Deep Learning for Automated Driving with MATLAB

Figure 1. Car approaching a vehicle in an intersection.

You’ve probably seen headlines about innovation in automated driving now that there are several cars available on the market that have some level of self-driving capability. I often get questions from colleagues on how automated driving systems perceive their environment and make “human-like” decisions.

The autonomous car in Figure 1 must locate and classify all the relevant objects on the road (in this case other vehicles) so that it can brake or safely maneuver around vehicles or pedestrians. The system also must detect lane markers in order to center the car within its lane. Deep learning enables machines to detect and classify objects of interest more accurately than people can and is becoming the primary enabling technology for environment perception.

In this post we’ll explain how deep learning is used to solve two common perception tasks for automated driving:

Vehicle detection
Lane detection

We’ll be using MATLAB’s new capabilities for deep learning and GPU acceleration to label ground truth, create new networks for detection and regression, and to evaluate the performance of a trained network.

Vehicle Detection

Object detection is used to locate pedestrians, traffic signs, and other vehicles. In this section we’ll use a vehicle detection example to walk you through how to use deep learning to create an object detector. The same steps can be used to create any object detector. Figure 2 shows the output of a three class vehicle detector, where the detector locates and classifies each type of vehicle.

Figure 2. Output of a vehicle detector that locates and classifies different types of vehicles.

Before we can start creating a vehicle detector, first we need a set of labeled training data, which is a corpus of images annotated with the locations and labels of objects of interest. More specifically, someone needs to sift through every image or frame of video and label the locations of all objects of interest. This process is known as ground truth labeling. Ground truth labeling is often the most time-consuming part of creating a vehicle detector. Figure 4 shows a raw training image on the left, and the same image with the labeled ground truth on the right.

Figure 3. Raw input image (left) and input image with labeled ground truth (right).

As you can imagine, labeling a sufficiently large set of training images can be a laborious, manual process. To reduce the amount of time we spent labeling data, we used MATLAB Automated Driving System Toolbox, which provides an app to label ground truth as well as automate part of the labeling process. Figure 4 shows a screenshot of the Ground Truth Labeler app that we use to label training data.

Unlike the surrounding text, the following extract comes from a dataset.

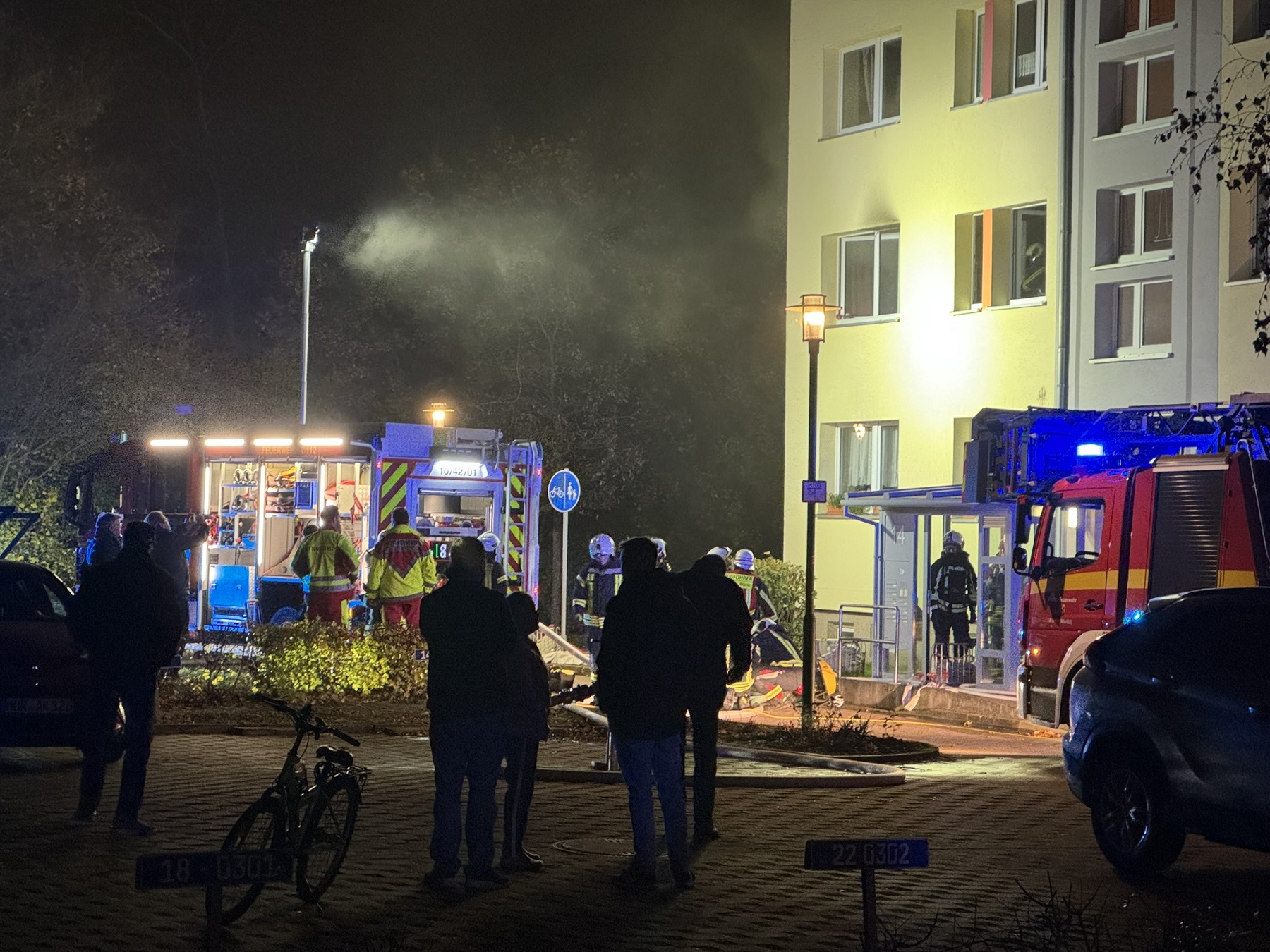 Feuerwehreinsatz: Wohnung brennt Waren (Müritz)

Figure 4. Screen shot of Ground Truth Labeler app designed to label video and image data.

One way to automate part of the process is to use a tracker. The tracker we use is the Kanade Lucas Tomasi algorithm (KLT) which is one of the first computer vision algorithms to be used in real-world applications. The KLT algorithm represents objects as a set of feature points and tracks their movement from frame to frame. This lets us manually label one or more objects in the first frame, and use the tracker to label the rest of the video. The Ground Truth Labeler app also allows users to import their own algorithms to automate labeling. The most common way we’ve seen this feature used is when users import their own existing detectors to label new data, which helps them eventually create more accurate detectors. Figure 5 illustrates the workflow used to label a sequence of images or a video using the Ground Truth Labeler app.

Figure 5. Process of automating ground truth labeling using MATLAB.

The labeled data is stored as a table that lists the location of the vehicles in each time step of video from our training set. With the ground truth labelling complete, we can start training a vehicle detector. In our case we estimate we sped up the process of ground truth labeling by up to 119x. The training video data for our video was captured at 30 frames per second, and we labeled objects every 4 seconds. That means we saved the time it would take to label the 119 frames in between. This 119x savings is a best case as we sometimes had to correct the output of the automated labeling.

To train a vehicle detector, we use the new deep learning framework in MATLAB. To speed up the training process, we use an NVIDIA™ GPU (a Tesla K40c). This can speed up the training time by over 100x vs. CPU-only training. We highly recommend using a CUDA-capable NVIDIA GPU with compute capability 3.0 or higher. If you have access to multiple GPUs, it’s easy to use them with the same MATLAB code and a single setting change.

For our vehicle detector, we use a Faster R-CNN network. Let’s start by defining a network architecture as illustrated in the MATLAB code snippets below. The Faster R-CNN algorithm analyzes regions of an image and therefore the input layer is smaller than the expected size of an input image. In our case we choose a 32×32 pixel window. The input size is a balance between execution time and the amount of spatial detail you want the detector to resolve.

% Create image input layer.
inputLayer = imageInputLayer([32 32 3]);

The middle layers are the core building blocks of the network, with repeated sets of convolutional, ReLU and pooling layers. For our example, we’ll use just a couple of layers. You can always create a deeper network by repeating these layers to improve accuracy or if you want to incorporate more classes into the detector.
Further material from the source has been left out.